■ REQUIRED ACTION:
From the material below, please set down exactly the lines starting with the one with "Appelez en un clic depuis Tribe CRM" and going on through the one with "SAFAVIEH Florida Declan", without a single picture.

■ SOURCE DATA:
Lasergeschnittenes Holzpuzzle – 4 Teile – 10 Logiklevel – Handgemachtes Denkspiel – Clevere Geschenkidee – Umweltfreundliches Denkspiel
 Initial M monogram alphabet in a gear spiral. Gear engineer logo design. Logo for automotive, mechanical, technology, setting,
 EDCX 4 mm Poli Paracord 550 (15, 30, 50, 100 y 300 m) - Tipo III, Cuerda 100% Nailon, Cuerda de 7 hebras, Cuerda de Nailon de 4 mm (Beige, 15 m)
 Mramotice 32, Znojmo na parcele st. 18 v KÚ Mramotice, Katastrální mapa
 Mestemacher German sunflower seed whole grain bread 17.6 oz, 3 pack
---
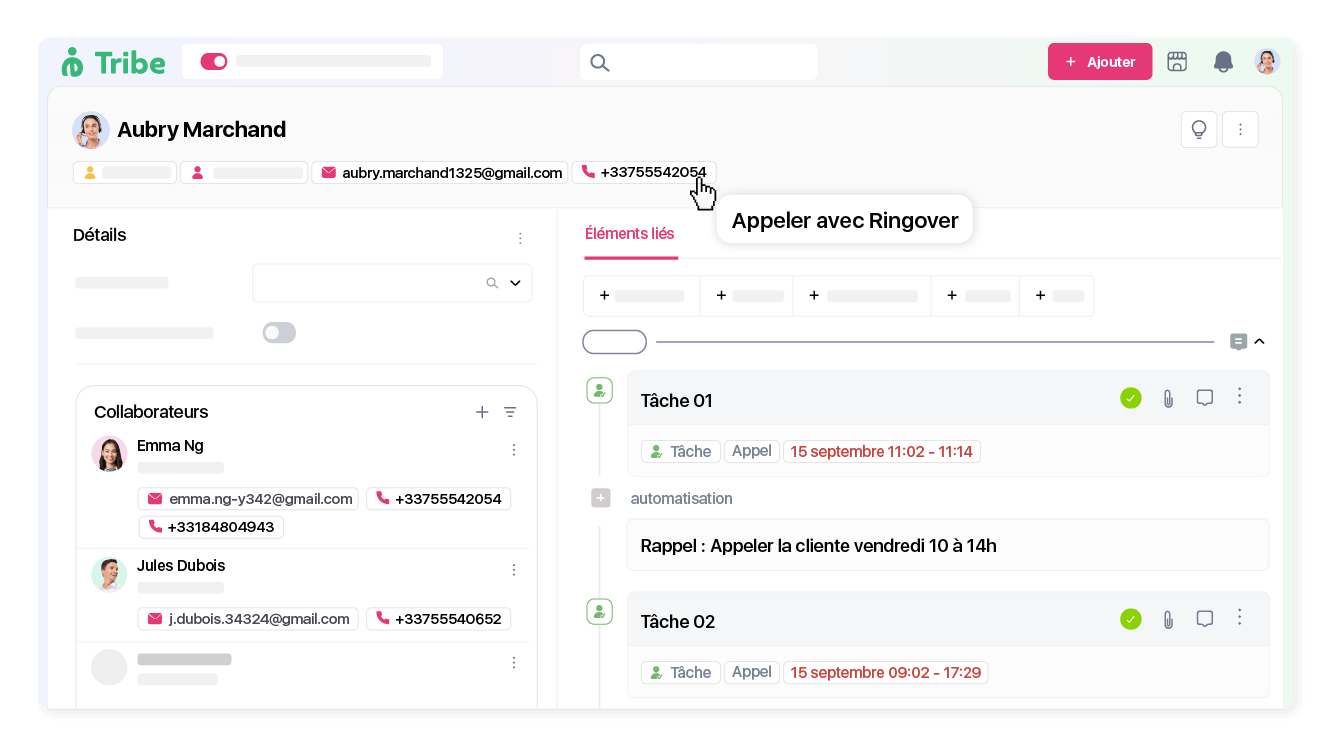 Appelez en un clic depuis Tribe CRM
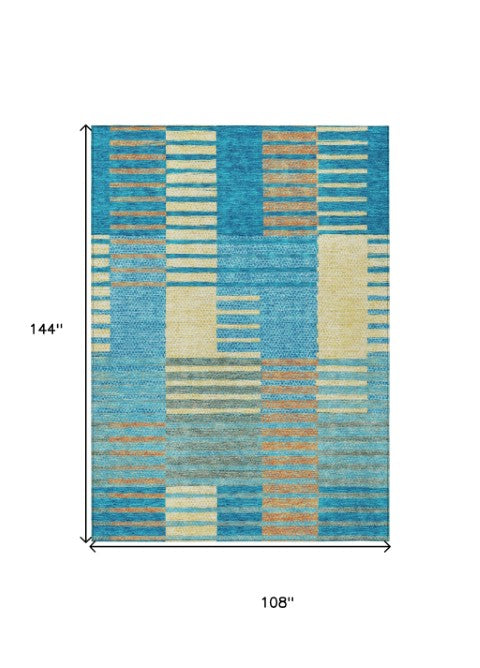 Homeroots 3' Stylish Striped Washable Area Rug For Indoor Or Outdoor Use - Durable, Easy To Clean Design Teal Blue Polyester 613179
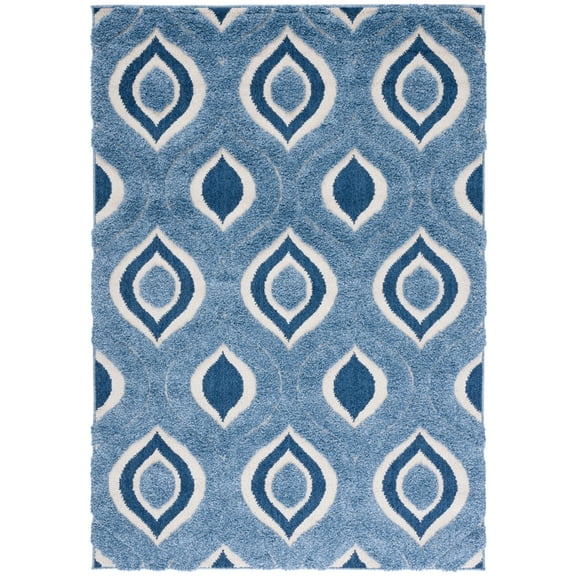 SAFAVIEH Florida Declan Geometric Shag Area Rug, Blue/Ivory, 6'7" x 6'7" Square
---
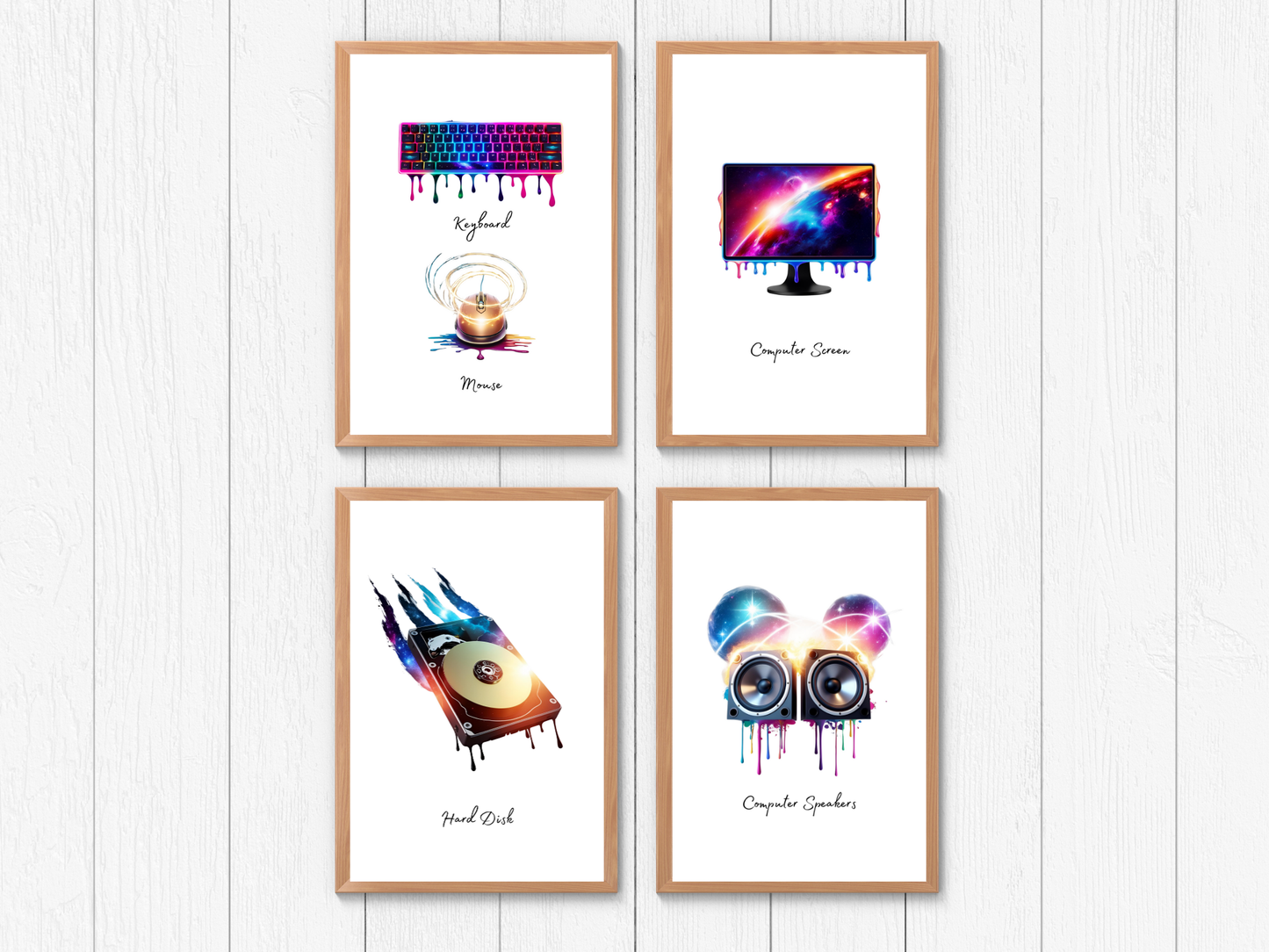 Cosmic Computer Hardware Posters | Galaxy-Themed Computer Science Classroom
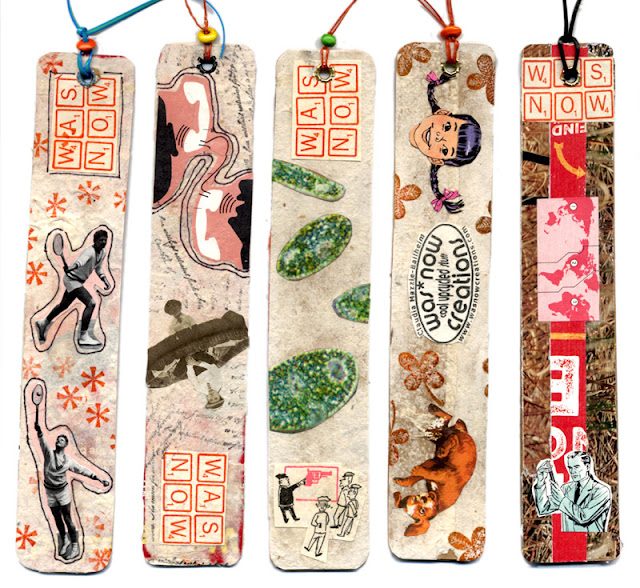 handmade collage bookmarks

■ COMPLETED EXERCISE:
 Appelez en un clic depuis Tribe CRM
 Homeroots 3' Stylish Striped Washable Area Rug For Indoor Or Outdoor Use - Durable, Easy To Clean Design Teal Blue Polyester 613179
 SAFAVIEH Florida Declan Geometric Shag Area Rug, Blue/Ivory, 6'7" x 6'7" Square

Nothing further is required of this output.